Brief descriptive captions
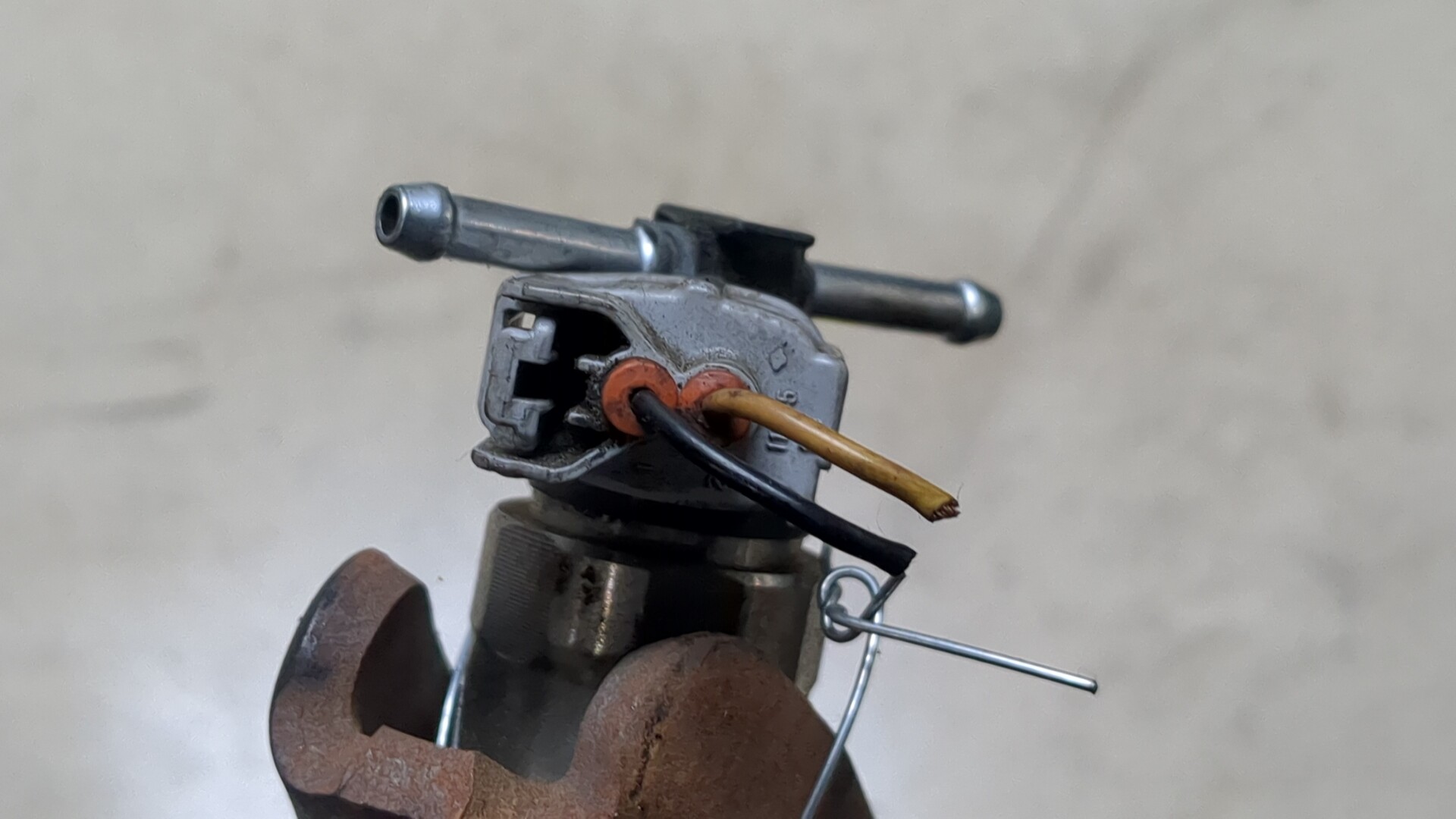 Форсунка дизельная электрическая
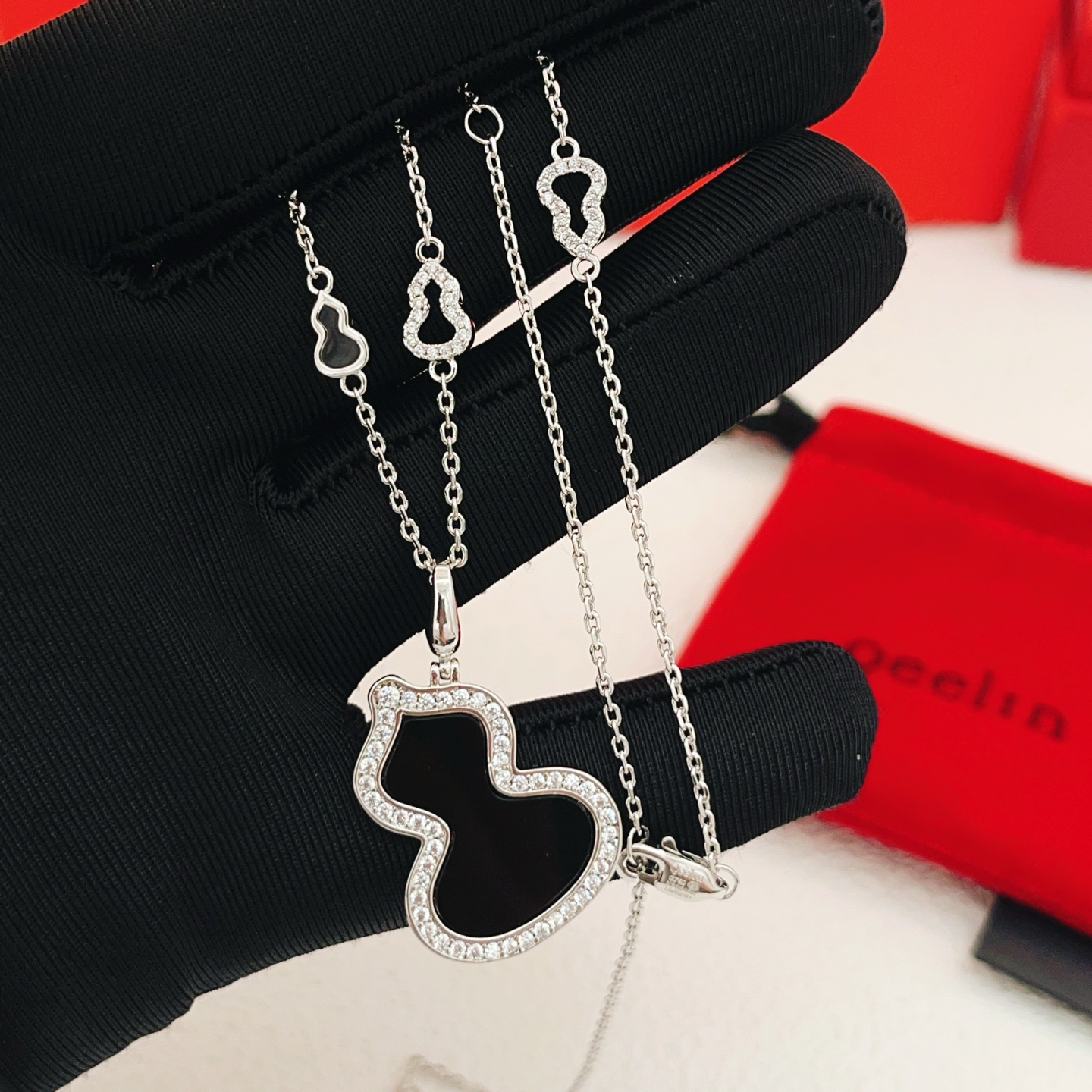 Qeelin Wulu necklace 18K white gold black onyx diamond 42cm
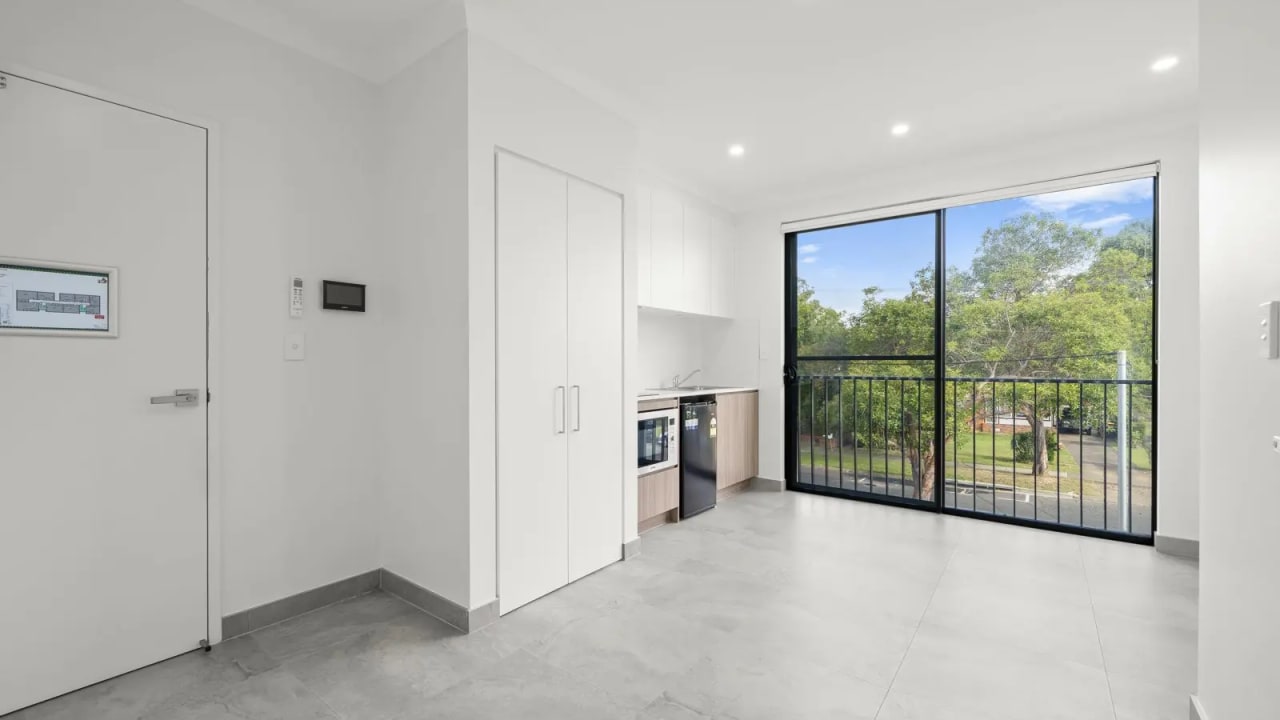 Unfurnished room studio flat for rent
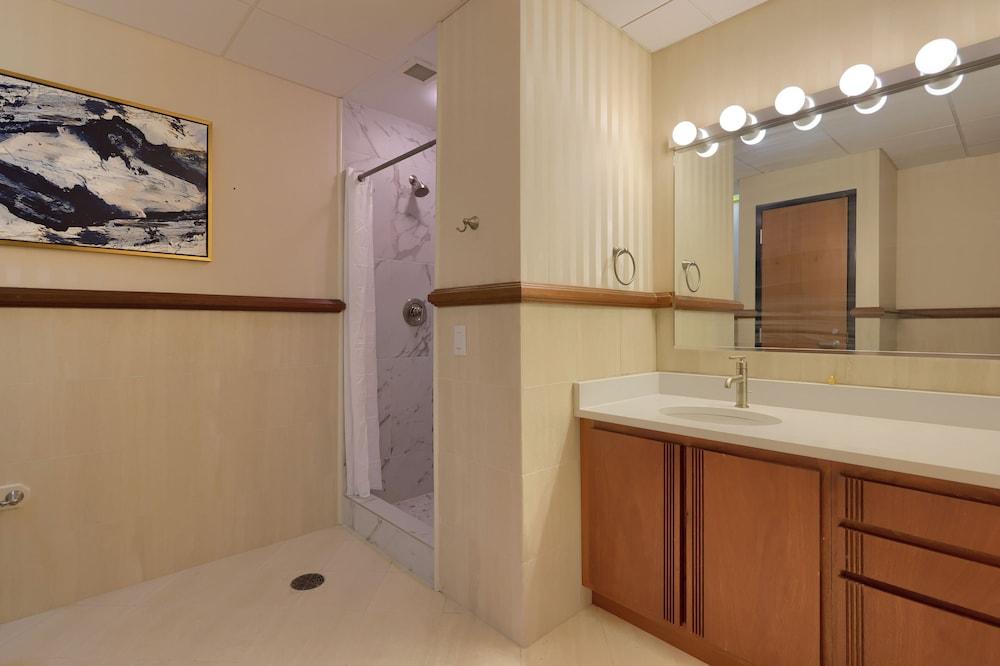 The Executive Suites and Venue photo 73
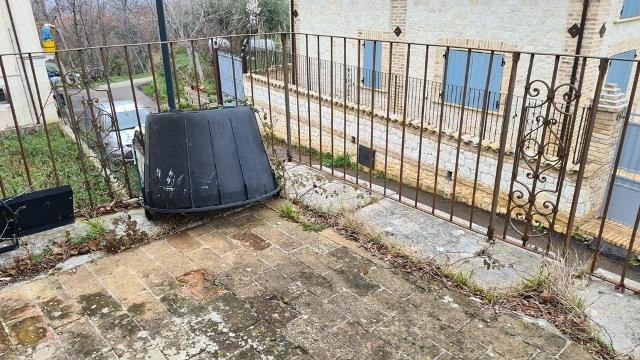 Image No.13-Maison de campagne de 1 chambre à vendre à Rapino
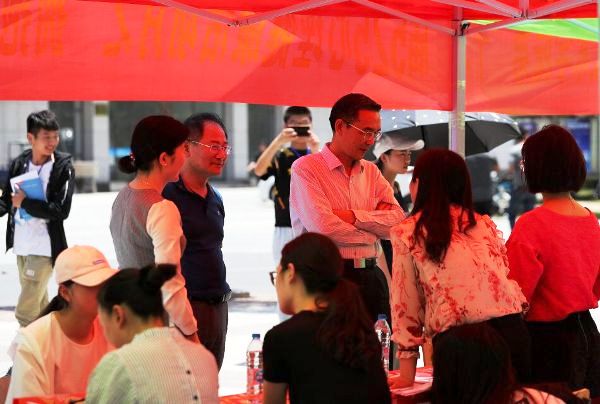 图为吴书记现场和咨询师交流.jpg 图为吴书记现场和咨询师交流.jpg
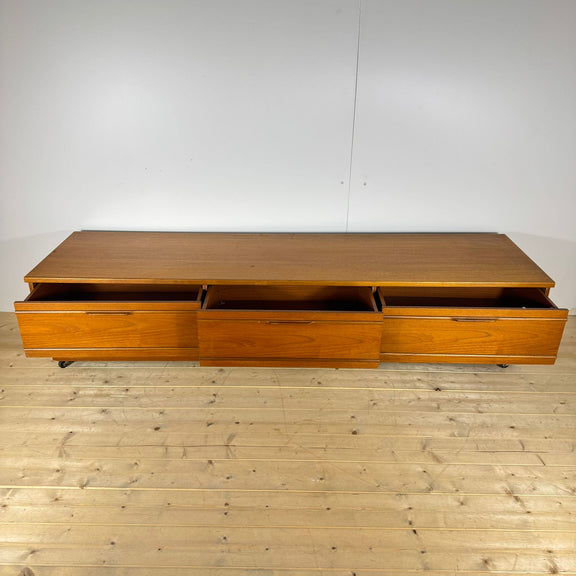 dettaglio cassetti sideboard bassa danese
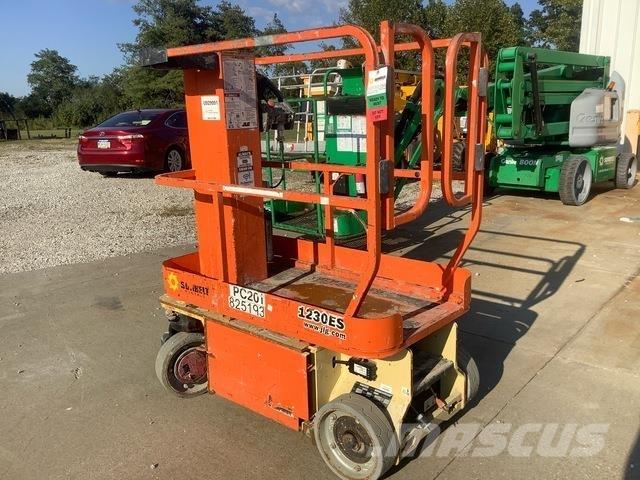 JLG 1230ES Jarbolne penjajuće platforme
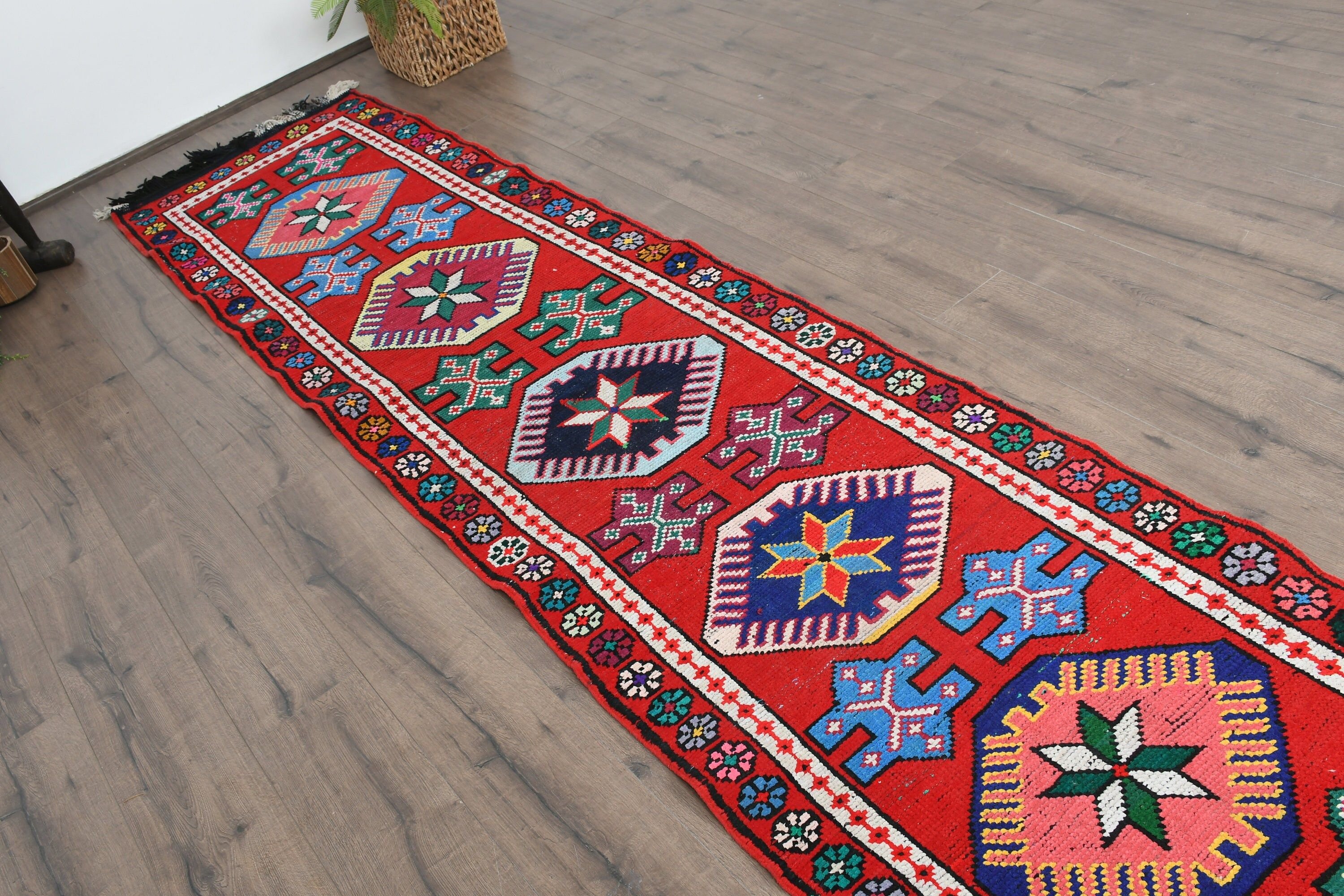 Anadolu Halısı, Koşucu Halıları, Türk Halıları, Koridor Halısı, Havalı Halı, Vintage Halılar, Bohem Halısı, Kırmızı 2.7x13 ft Runner Halısı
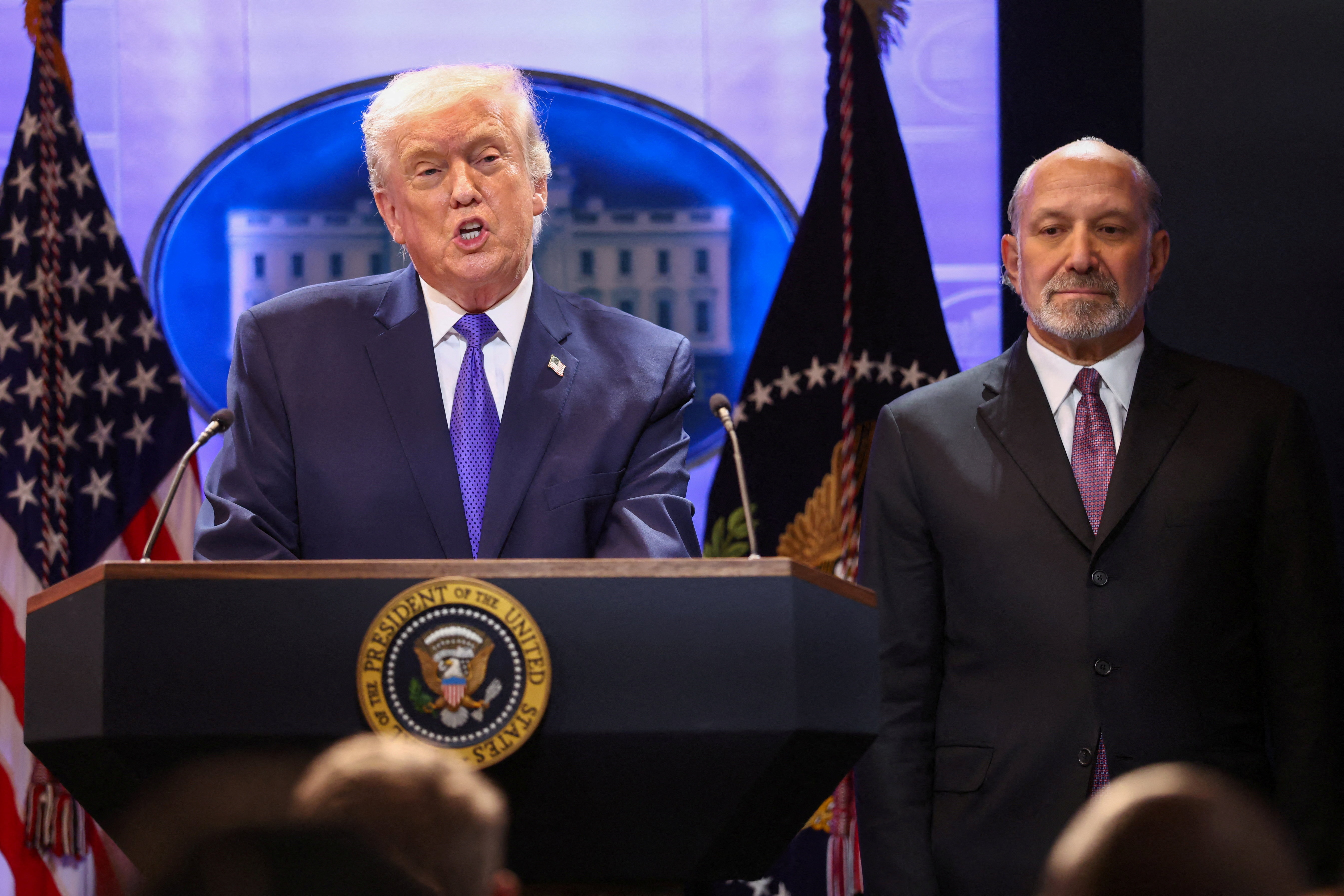 Ong Trump phat tin hieu khong hoan 175 ty USD thue hinh anh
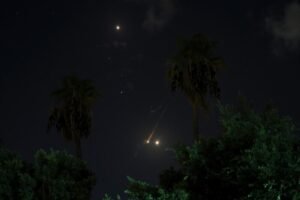 Krov američke ambasade u Rijadu urušen: Ljudi u dimu izleću napolje, situacija je strašna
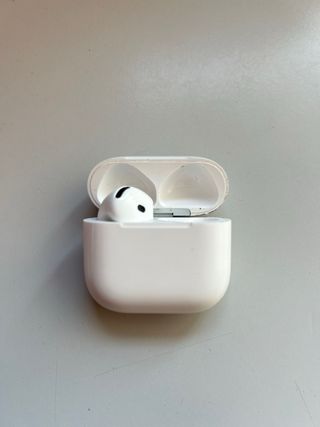 Airpods 4 (Estuche y Casco Izq) sin ANC. Garantía
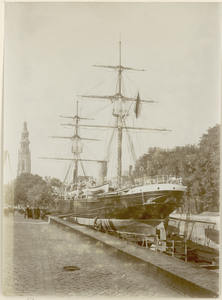 2350-38 Een schip in het droogdok aan de Dam te Middelburg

-- Exercise --
The reply must hold every line above exactly as written and none of the pictures.

-- Completed task --
 Форсунка дизельная электрическая
 Qeelin Wulu necklace 18K white gold black onyx diamond 42cm
 Unfurnished room studio flat for rent
 The Executive Suites and Venue photo 73
 Image No.13-Maison de campagne de 1 chambre à vendre à Rapino
 图为吴书记现场和咨询师交流.jpg 图为吴书记现场和咨询师交流.jpg
 dettaglio cassetti sideboard bassa danese
 JLG 1230ES Jarbolne penjajuće platforme
 Anadolu Halısı, Koşucu Halıları, Türk Halıları, Koridor Halısı, Havalı Halı, Vintage Halılar, Bohem Halısı, Kırmızı 2.7x13 ft Runner Halısı
 Ong Trump phat tin hieu khong hoan 175 ty USD thue hinh anh
 Krov američke ambasade u Rijadu urušen: Ljudi u dimu izleću napolje, situacija je strašna
 Airpods 4 (Estuche y Casco Izq) sin ANC. Garantía
 2350-38 Een schip in het droogdok aan de Dam te Middelburg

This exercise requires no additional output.